Under the direction of Joseph Manca (who joined the group in 1945) EOAN began performing operas and presenting opera seasons for the next 19 years (1956 to 1975). Productions included Verdi’s La Traviata, Rigoletto, Il Travetore, Madame Butterfly and La Bohème by Puccini, Die Fledermaus by Johann Strauss, Carmen by Bizet, L’Elisir D’Amore by Donizetti, Barber of Seville by Rossini, I Pagliacci by Leoncavallo and Cavalleria Rusticana by Mascagni. The majority of the EOAN singers were untrained and could not read music. They did not receive professional pay and rehearsals and performances took place in the evenings or over weekends.

Initially the EOAN group’s opera productions took place at the Cape Town City Hall, but in 1966, with the declaration of District Six as an exclusively “white” area, the group moved to the Joseph Stone Theatre in Athlone.

Life for EOAN was not easy. The group experienced enormous difficulties related to apartheid legislation, political repression and financial constraints. As a result of these factors the group performed its last full-scale opera in 1975. In many cases these concerts took place before packed houses. In the 1970s, however, many members of the community withdrew their support for EOAN because they regarded the group as folding before state demands and financial support.

The process of the creation of the book EOAN – Our Story and its approach to EOAN’s history can be seen as one of its most interesting facets. EOAN – Our Story is not a chronological history of the group, but rather an oral history that attempts to weave the accounts of EOAN group members, some of the group’s most prominent figures and those associated with the group together into a history through the identification of key themes (as identified and written about by Muller, Roos and the EOAN book committee). The language used by interviewees (mixing of languages, grammatical errors, use of the so-called Afrikaaps dialect) has been retained and, according to Roos, preserves the “texture of a person’s way of speaking”.

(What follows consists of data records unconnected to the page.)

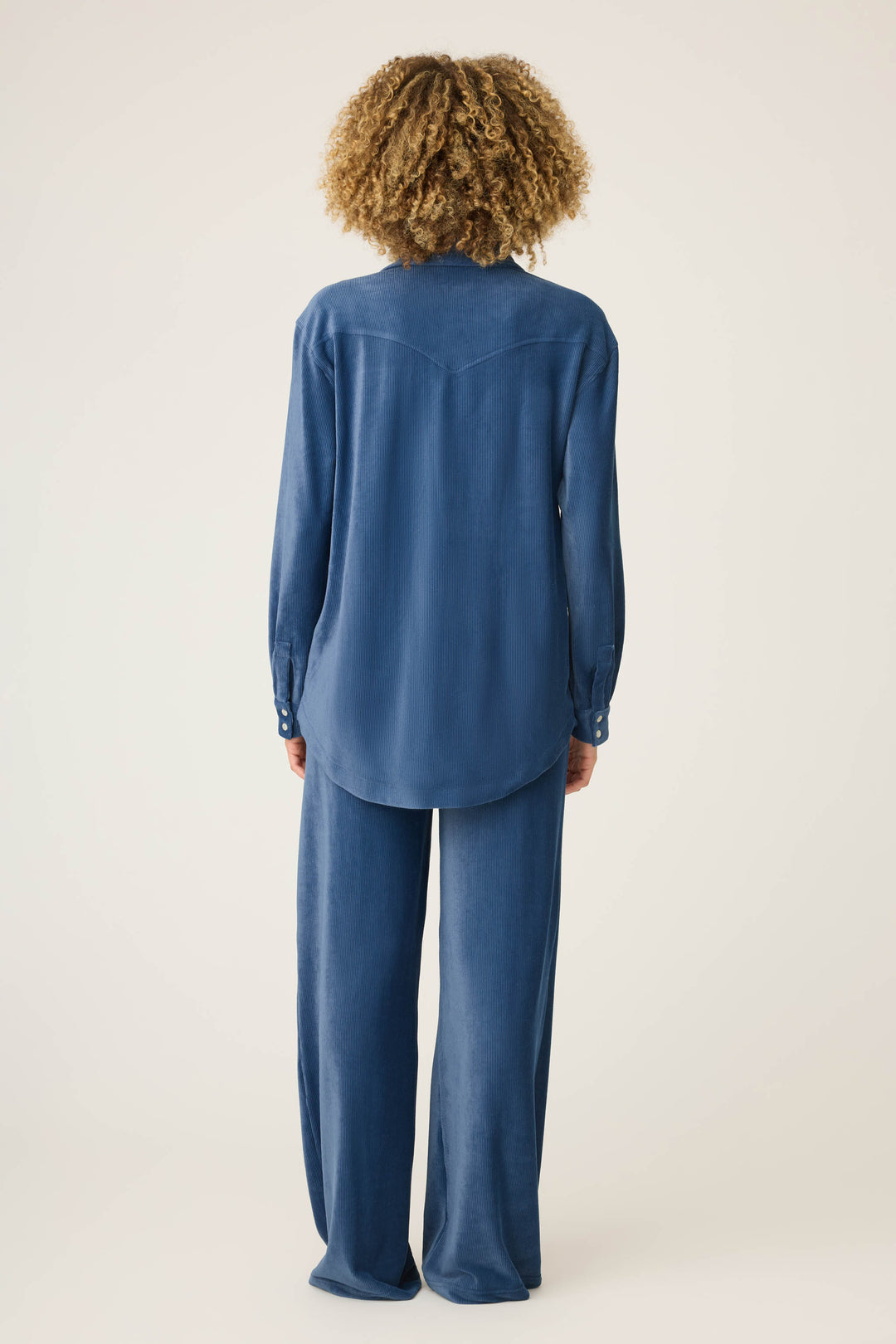 A person with curly hair stands facing away, wearing the P.J. Salvage Craving Corduroy Velour Lounge Set—a loose-fitting, long-sleeve button-up shirt and matching wide-leg blue pants—against a plain light background.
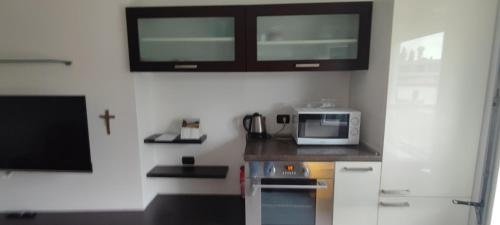 a small kitchen with a microwave and a counter top at Shangri-la in Civate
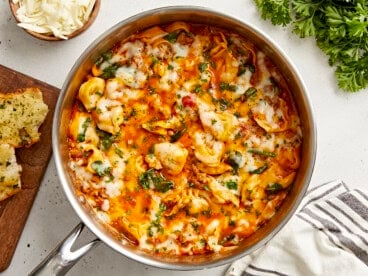 Overhead view of cheese tortellini and sausage skillet with garlic bread and parsley on the side.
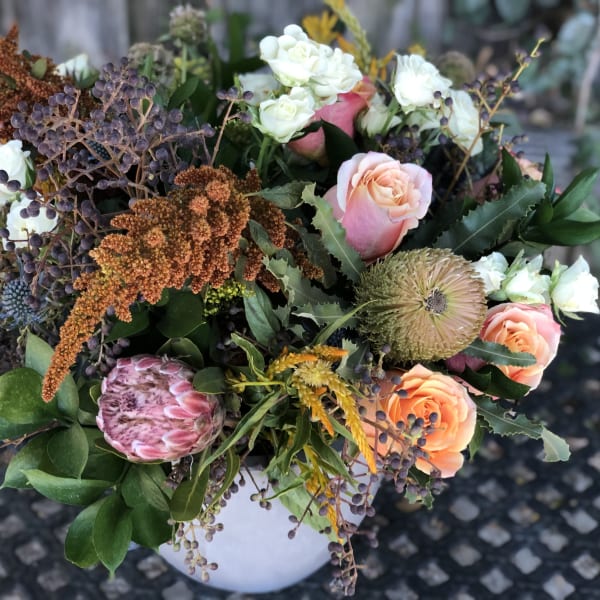 Mixed bouquet of peach and white roses in a white vase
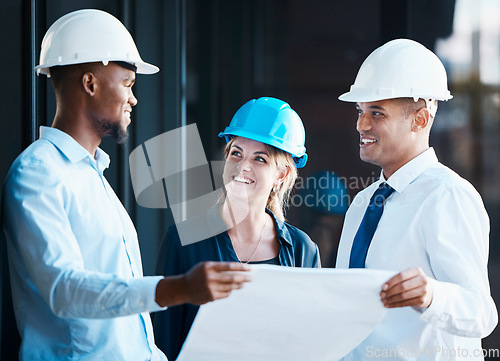 Image of Architect, engineer and building contractor looking at plans or blueprints while talking and discussing strategy. Team or group of builders looking motivated and ready to develop, renovate or remodel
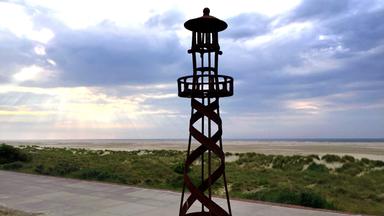"Inselträume: Die Ostfriesischen Inseln - Welten im Watt": Ein Leuchtturm auf einer Ostfriesischen Insel. Im Hintergrund das Meer.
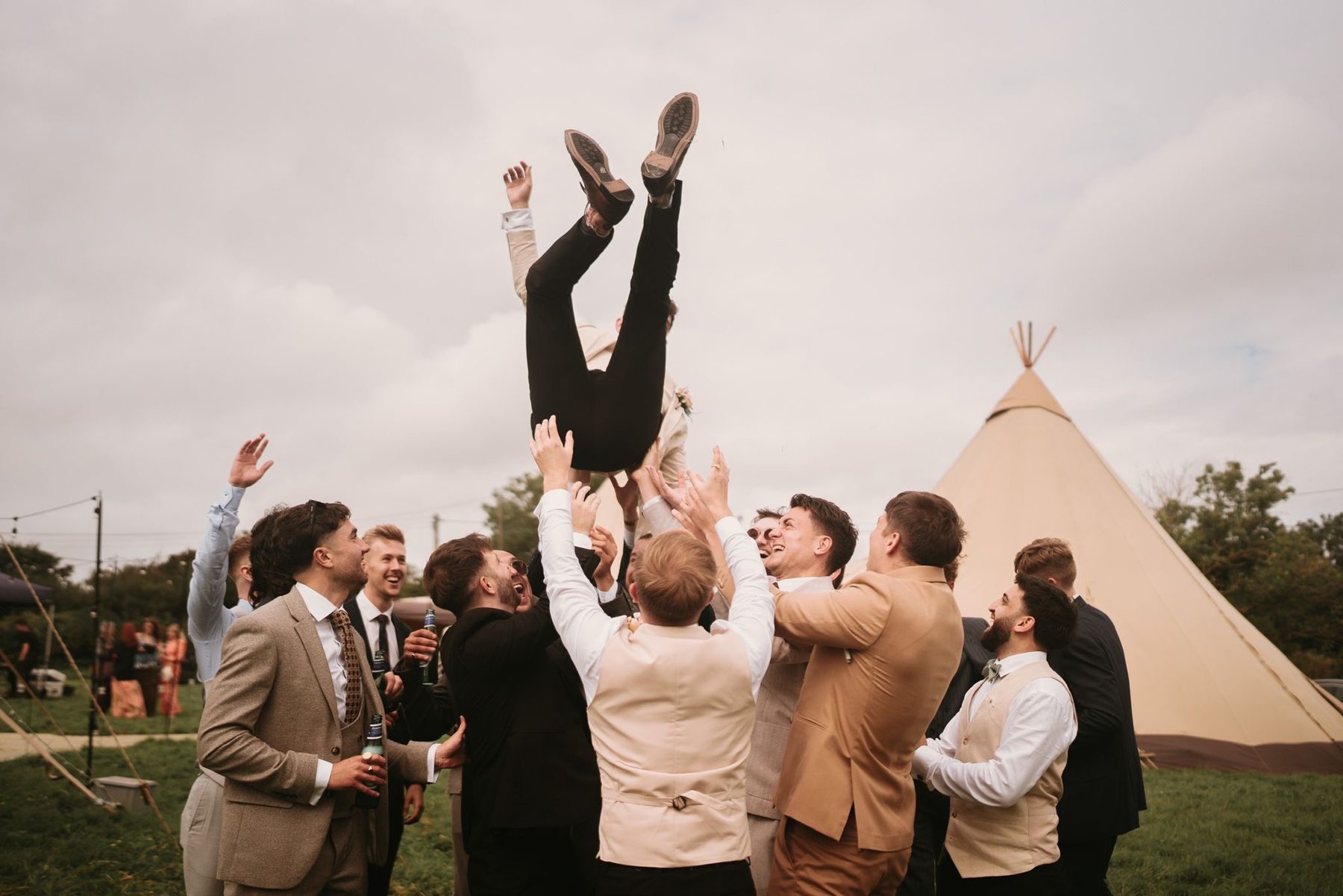 Groomsmen throwing the groom into the air beside a tipi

The approach of compiling an oral history allows for differing opinions on a given subject, although Roos has indicated that many members now of advanced age remember the group nostalgically and such fond memories have had to be dealt with carefully in compiling the history.

The book is thus the result of five years of historical and archival research, the collective efforts of a book committee and the accumulation of interviews and personal testimonies. The publication, according to Roos, seeks to learn from a particular community and to “share with the community”.

Following extensive negotiations between the EOAN Board and DOMUS the rich EOAN archive was transferred to DOMUS in 2008, following a permanent-loan agreement. According to Roos this agreement was significant because it meant that the ownership of the material “remained with the EOAN community”.

The first chapter, written by Stephanus Muller, an associate professor in musicology and head of DOMUS, discusses the complex process in making the book. EOAN – Our Story is beautifully printed with much of the rich visual material from the archive reproduced in it. Most importantly, it is a significant contribution to the history of opera and the arts in South Africa.

The publication does not deal with the artistic concerns surrounding the EOAN group’s performances in any great depth; however, Roos notes that this subject will be discussed in a publication she is currently writing on the EOAN group for her postdoctoral studies. The EOAN history project, intends to release a film on the making of the book in the near future.

Athol Fugard, quoted on the cover of EOAN – Our Story, writes:

This is an important book that deserves to be on the bookshelf of every South African concerned about the past, present and future of the country. Its value lies not least in the multitude of voices allowed to speak from its pages, but also in that it demonstrates a powerful commitment to human potential beyond political concerns ...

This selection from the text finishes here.